Il affirme avoir constaté qu’aucun correspondant local de presse ni aucun journaliste n’assistait à la réunion. Dès lors, il s’étonne que le compte-rendu publié par Ouest-France fasse état d’une intervention qu’il a prononcée au cours des débats, intervention rapportée selon lui de façon erronée, avec le risque d’induire les lecteurs en erreur sur le sens de ses propos.
M. Le Masson de Vendeuvre précise dans sa saisine avoir écrit par courrier électronique le 8 avril 2022 à l’auteur de l’article avec copie au rédacteur en chef délégué responsable de l’information locale et régionale de Ouest-France et n’avoir reçu aucune réponse « de l’auteur de l’article ni du journal ».
Recevabilité
M. Le Masson de Vendeuvre est membre du CDJM, et a été élu conseiller au titre du collège public en tant que président du Club de la presse de Bretagne. La recevabilité de cette saisine a été examinée par le bureau du CDJM le 18 mai 2022, selon les critères définis à l’article 3 de son règlement intérieur. Aucune disposition n’interdisant à un adhérent du CDJM de le saisir, et cette saisine répondant aux exigences du règlement intérieur, notamment ses articles 1 et 2, elle a été retenue.
Cette décision de recevabilité n’a pas été contestée lors de la session du CDJM du 14 juin 2022 au cours de laquelle cette saisine a été présentée aux conseillers. M. Le Masson de Vendeuvre, excusé, n’assistait pas à cette réunion.
Le 13 septembre 2022, lors de sa session mensuelle, après que M. Le Masson de Vendeuvre a été déconnecté de la réunion en visioconférence – conformément à l’article 5.6 du règlement intérieur du CDJM qui prévoit le déport d’un conseiller qui se trouve en situation de conflit d’intérêts pour quelque raison que ce soit, a fortiori lorsqu’il saisit le CDJM –, le CDJM a étudié au fond cette saisine et a rendu le présent avis.
Règles déontologiques concernées
Les textes déontologiques auxquels le CDJM se réfère précisent les obligations du journaliste :
- Il « tient l’esprit critique, la véracité, l’exactitude, l’intégrité, l’équité, l’impartialité, pour les piliers de l’action journalistique ; tient l’accusation sans preuve, l’intention de nuire, l’altération des documents, la déformation des faits, le détournement d’images, le mensonge, la manipulation, la censure et l’autocensure, la non-vérification des faits, pour les plus graves dérives professionnelles », selon la Charte d’éthique professionnelle des journalistes (SNJ, 1918/1938/2011).
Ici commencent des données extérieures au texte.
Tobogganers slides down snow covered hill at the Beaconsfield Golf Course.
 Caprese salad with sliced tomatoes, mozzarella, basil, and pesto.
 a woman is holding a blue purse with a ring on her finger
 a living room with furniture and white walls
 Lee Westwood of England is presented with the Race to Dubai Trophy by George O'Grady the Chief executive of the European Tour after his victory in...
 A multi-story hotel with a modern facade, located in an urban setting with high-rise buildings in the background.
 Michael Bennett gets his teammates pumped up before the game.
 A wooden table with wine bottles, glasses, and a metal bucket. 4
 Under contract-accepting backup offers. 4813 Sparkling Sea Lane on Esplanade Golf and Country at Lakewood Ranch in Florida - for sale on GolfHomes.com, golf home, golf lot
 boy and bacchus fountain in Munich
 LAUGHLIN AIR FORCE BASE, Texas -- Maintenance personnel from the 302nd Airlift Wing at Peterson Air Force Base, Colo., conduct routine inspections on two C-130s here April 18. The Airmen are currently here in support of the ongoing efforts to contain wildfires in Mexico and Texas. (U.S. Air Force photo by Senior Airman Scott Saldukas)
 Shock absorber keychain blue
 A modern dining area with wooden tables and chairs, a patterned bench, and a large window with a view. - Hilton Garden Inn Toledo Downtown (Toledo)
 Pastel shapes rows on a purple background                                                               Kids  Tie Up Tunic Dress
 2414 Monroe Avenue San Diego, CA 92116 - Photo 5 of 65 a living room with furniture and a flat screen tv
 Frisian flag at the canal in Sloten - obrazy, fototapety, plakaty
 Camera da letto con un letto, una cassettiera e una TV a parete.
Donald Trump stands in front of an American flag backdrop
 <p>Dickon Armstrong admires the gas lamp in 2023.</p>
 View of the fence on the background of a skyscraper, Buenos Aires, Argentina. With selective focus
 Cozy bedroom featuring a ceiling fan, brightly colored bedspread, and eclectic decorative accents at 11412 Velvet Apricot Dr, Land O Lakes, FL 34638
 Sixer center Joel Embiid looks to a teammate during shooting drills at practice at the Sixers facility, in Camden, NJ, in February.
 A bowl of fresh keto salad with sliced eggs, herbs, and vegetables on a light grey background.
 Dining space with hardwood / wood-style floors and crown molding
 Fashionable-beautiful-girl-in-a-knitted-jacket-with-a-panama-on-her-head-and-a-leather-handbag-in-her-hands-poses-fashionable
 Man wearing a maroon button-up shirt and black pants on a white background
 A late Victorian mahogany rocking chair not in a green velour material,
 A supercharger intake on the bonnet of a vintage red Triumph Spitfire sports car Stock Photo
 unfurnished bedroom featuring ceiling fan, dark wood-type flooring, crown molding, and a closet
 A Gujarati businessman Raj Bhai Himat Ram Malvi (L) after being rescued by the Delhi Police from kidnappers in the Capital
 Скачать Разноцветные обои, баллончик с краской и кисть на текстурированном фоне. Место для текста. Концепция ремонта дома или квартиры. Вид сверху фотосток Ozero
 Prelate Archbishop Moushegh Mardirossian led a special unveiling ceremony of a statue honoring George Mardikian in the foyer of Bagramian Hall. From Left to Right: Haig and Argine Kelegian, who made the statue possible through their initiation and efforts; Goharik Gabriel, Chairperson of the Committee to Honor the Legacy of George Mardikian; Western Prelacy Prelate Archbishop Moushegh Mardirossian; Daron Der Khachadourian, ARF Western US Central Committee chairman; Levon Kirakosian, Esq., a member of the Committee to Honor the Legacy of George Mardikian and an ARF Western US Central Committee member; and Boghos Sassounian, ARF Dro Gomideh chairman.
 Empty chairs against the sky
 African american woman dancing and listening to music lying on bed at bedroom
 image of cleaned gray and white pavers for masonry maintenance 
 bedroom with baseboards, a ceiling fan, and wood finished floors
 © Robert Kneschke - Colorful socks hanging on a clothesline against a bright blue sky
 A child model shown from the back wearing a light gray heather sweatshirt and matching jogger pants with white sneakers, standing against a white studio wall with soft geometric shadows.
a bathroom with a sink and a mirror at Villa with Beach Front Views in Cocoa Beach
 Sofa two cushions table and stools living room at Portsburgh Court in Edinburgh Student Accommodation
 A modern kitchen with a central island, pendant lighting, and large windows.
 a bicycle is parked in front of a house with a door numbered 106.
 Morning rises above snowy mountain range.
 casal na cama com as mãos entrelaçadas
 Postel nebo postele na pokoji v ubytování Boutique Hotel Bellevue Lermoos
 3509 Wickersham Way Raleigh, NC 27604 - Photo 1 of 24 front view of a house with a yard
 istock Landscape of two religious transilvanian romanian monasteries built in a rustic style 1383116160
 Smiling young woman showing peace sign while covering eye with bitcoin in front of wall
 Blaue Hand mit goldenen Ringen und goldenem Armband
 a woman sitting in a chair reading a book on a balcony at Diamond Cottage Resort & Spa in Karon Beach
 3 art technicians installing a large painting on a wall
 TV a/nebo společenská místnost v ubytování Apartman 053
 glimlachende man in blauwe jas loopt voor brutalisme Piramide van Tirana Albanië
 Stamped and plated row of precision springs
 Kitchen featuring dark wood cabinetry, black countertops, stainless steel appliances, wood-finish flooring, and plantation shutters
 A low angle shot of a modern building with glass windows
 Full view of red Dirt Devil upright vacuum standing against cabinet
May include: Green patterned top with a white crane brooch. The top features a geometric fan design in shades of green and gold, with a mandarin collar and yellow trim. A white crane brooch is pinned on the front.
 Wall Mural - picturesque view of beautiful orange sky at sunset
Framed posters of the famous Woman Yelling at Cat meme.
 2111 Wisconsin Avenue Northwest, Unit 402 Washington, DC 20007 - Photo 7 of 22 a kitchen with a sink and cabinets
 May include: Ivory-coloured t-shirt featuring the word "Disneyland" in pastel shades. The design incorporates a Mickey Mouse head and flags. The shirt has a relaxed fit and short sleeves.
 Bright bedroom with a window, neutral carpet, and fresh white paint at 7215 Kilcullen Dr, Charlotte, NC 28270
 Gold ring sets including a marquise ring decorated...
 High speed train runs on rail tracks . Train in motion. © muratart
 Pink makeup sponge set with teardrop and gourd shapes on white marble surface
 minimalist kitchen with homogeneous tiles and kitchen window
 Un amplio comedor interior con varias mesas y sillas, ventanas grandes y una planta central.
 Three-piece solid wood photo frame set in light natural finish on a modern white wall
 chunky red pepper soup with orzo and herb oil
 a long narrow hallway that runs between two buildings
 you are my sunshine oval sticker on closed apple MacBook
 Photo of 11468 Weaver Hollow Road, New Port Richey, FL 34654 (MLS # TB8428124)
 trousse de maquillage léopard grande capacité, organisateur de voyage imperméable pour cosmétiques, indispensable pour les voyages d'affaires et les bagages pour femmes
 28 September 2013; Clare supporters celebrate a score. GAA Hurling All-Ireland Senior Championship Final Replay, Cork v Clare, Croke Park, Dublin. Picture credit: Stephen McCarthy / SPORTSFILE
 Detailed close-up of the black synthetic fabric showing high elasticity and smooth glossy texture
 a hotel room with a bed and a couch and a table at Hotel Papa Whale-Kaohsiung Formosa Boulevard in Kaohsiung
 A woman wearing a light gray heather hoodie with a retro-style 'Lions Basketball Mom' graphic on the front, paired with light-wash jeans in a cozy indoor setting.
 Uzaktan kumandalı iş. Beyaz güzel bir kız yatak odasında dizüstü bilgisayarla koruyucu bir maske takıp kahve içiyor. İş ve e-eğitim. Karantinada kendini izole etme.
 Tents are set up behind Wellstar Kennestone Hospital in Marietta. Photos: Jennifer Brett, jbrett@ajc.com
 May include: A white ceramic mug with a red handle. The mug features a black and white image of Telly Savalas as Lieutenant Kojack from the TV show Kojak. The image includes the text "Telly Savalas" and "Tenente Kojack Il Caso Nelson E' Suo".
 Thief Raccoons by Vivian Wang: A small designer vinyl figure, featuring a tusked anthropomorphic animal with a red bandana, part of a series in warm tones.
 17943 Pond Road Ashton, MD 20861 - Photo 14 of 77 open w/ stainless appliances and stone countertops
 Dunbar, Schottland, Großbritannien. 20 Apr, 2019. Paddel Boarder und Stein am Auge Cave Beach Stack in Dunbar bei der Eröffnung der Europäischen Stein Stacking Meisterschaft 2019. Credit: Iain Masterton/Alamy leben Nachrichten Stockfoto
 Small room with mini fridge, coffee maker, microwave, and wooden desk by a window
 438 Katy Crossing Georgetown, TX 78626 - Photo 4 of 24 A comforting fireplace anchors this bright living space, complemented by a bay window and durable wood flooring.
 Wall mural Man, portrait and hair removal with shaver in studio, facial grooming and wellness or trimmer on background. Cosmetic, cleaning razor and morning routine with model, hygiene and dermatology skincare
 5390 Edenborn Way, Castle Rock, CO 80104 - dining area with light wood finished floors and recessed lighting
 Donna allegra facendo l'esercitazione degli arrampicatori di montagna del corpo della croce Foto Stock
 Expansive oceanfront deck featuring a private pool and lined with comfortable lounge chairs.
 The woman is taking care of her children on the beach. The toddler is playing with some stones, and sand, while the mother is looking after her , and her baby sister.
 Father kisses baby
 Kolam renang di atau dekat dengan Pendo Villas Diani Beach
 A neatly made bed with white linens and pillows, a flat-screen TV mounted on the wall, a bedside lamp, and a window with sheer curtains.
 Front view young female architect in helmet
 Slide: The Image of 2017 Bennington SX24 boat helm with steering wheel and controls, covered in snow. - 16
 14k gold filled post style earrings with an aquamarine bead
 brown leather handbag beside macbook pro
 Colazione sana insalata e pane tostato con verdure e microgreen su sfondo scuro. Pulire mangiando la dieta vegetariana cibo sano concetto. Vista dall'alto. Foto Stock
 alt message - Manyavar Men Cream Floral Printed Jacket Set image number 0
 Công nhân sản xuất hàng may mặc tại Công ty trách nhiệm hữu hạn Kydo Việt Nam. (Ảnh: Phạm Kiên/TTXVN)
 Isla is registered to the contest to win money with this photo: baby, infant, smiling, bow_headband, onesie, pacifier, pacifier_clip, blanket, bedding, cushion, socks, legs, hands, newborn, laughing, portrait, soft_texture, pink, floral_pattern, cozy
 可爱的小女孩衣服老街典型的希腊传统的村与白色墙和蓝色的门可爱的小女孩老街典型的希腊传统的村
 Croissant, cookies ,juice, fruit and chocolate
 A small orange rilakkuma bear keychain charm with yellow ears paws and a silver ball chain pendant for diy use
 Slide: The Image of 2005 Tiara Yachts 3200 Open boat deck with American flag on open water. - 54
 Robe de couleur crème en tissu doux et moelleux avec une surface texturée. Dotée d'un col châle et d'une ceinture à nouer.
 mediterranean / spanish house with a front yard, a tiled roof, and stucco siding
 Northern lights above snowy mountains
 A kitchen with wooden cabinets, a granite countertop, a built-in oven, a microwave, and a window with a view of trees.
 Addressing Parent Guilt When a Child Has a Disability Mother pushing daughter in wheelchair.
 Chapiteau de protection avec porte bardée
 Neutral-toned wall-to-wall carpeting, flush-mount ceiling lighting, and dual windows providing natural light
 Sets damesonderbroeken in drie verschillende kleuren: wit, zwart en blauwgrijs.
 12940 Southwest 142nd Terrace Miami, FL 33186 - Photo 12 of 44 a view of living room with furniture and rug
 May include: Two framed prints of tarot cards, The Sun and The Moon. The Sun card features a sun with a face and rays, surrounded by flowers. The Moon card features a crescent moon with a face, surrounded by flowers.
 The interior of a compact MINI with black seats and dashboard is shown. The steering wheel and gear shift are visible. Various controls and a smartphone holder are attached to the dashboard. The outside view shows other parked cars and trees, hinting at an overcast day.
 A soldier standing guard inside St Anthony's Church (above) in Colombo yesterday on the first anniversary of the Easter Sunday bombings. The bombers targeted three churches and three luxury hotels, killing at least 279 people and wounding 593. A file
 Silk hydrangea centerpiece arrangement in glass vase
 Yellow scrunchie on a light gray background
- Il doit « respecter la vérité, quelles qu’en puissent être les conséquences pour lui-même, et ce, en raison du droit que le public a de connaître », selon la Déclaration des droits et devoirs des journalistes (Munich, 1971, devoir no 1).
- Il doit « respecter les faits et le droit que le public a de les connaître », selon la Charte d’éthique mondiale des journalistes (FIJ, 2019, l’article 1).
- Il « s’efforcera par tous les moyens de rectifier de manière rapide, explicite, complète et visible toute erreur ou information publiée qui s’avère inexacte », selon la Charte d’éthique mondiale des journalistes (FIJ, 2019, article 6).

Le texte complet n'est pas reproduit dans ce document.